> **PROBLEM REQUIREMENTS**
In your copy of the records, include every word exactly and no pictures.

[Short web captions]
-.-.-

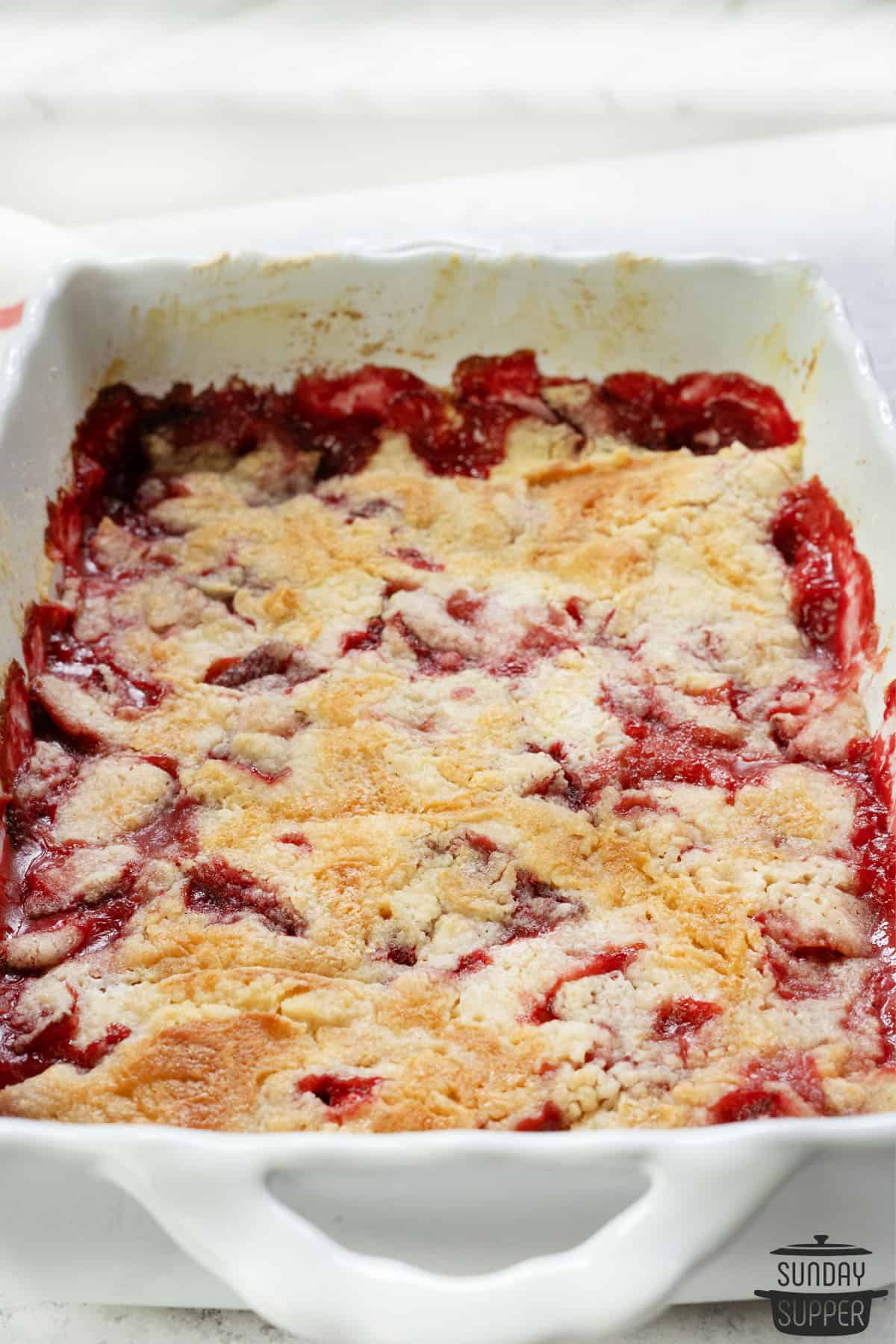 beautiful strawberry dump cake at an angle in a white dish
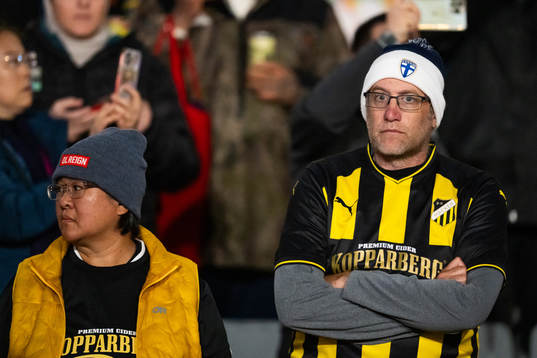 Spectators dressed in jerseys belonging to Swedish football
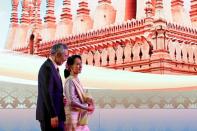 FILE PHOTO: Myanmar leader Aung San Suu Kyi and Singapore's Prime Minister Lee Hsien Loong leave the opening ceremony of ASEAN Summit in Vientiane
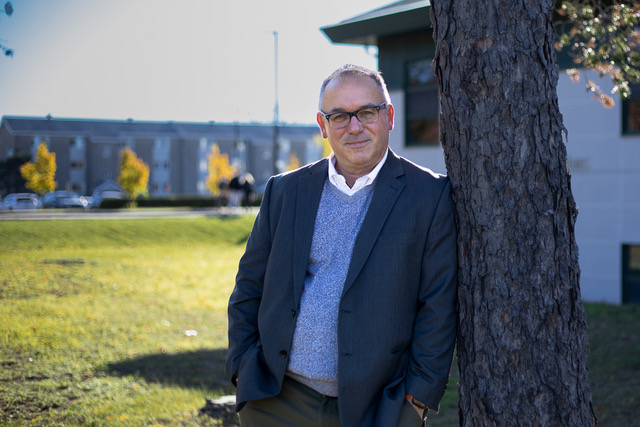 A man in smart casual otufit standinga and leaning on a tree.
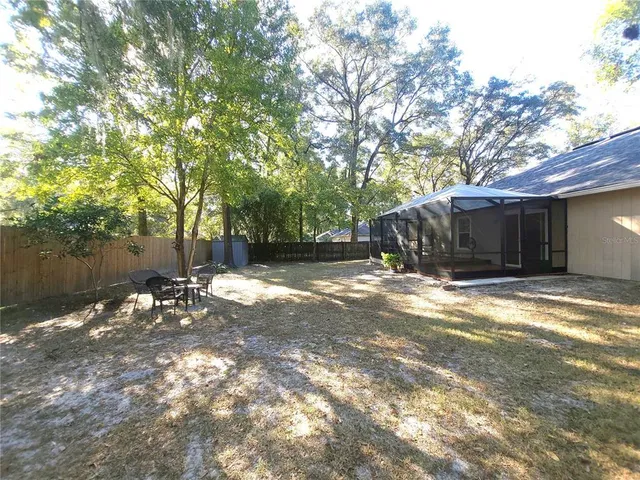 a view of a house with a yard and tree
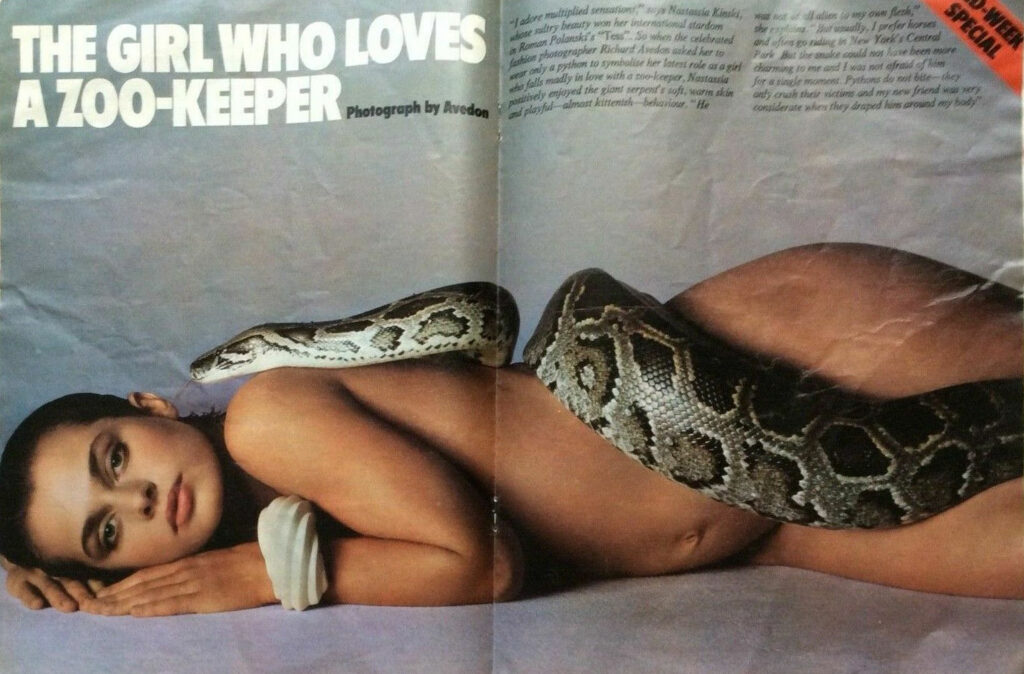 Eine Frau liegt mit zwei Schlangen, die über ihren Körper drapiert sind.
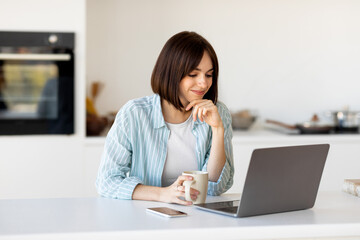 Remote job oppurtunities. Excited lady working on laptop and drinking morning coffee, sitting in kitchen, free space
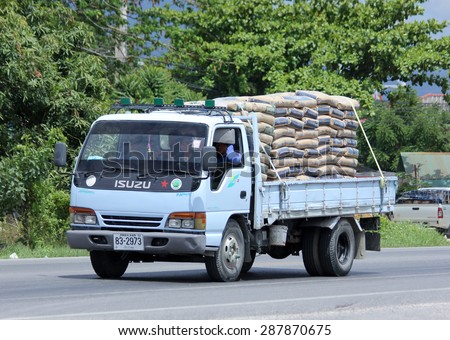 CHIANGMAI, THAILAND -JUNE 8 2015:  Cement truck of Insee Cement company. Photo at road no 121 about 8 km from downtown Chiangmai, thailand.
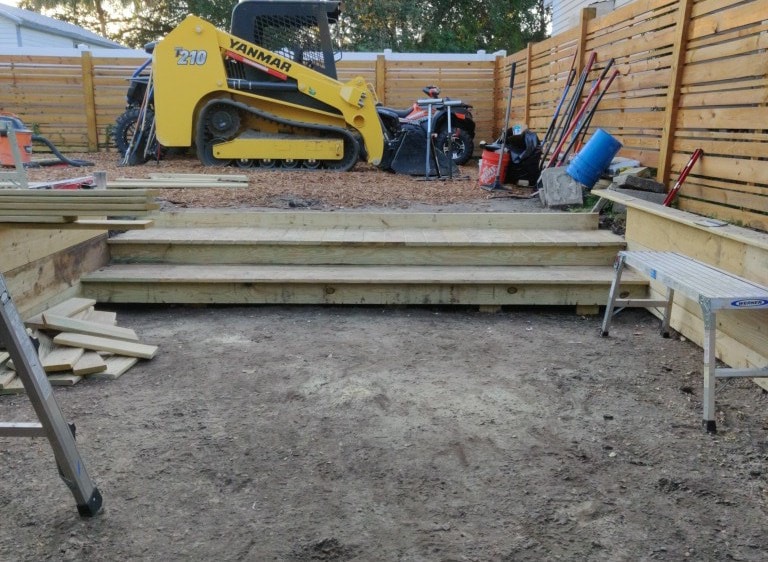 Early-stage foundation and framing work on a new lakefront construction project by Red Star.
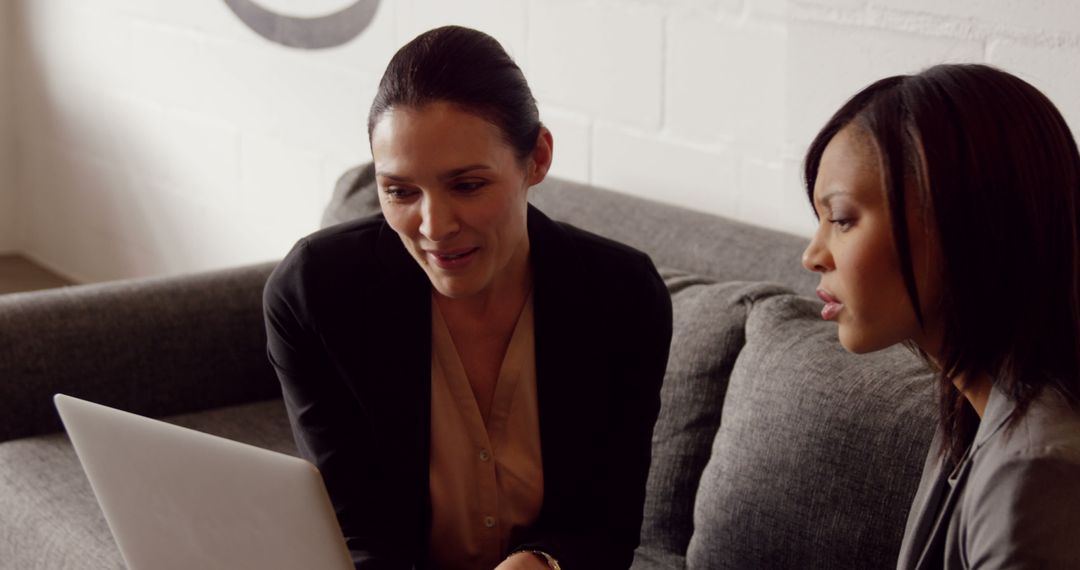 Diverse Business Professionals Collaborating on Laptop Project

-.-.-

> **OUTPUT BELOW**
 beautiful strawberry dump cake at an angle in a white dish
 Spectators dressed in jerseys belonging to Swedish football
 FILE PHOTO: Myanmar leader Aung San Suu Kyi and Singapore's Prime Minister Lee Hsien Loong leave the opening ceremony of ASEAN Summit in Vientiane
 A man in smart casual otufit standinga and leaning on a tree.
 a view of a house with a yard and tree
 Eine Frau liegt mit zwei Schlangen, die über ihren Körper drapiert sind.
 Remote job oppurtunities. Excited lady working on laptop and drinking morning coffee, sitting in kitchen, free space
 CHIANGMAI, THAILAND -JUNE 8 2015:  Cement truck of Insee Cement company. Photo at road no 121 about 8 km from downtown Chiangmai, thailand.
 Early-stage foundation and framing work on a new lakefront construction project by Red Star.
 Diverse Business Professionals Collaborating on Laptop Project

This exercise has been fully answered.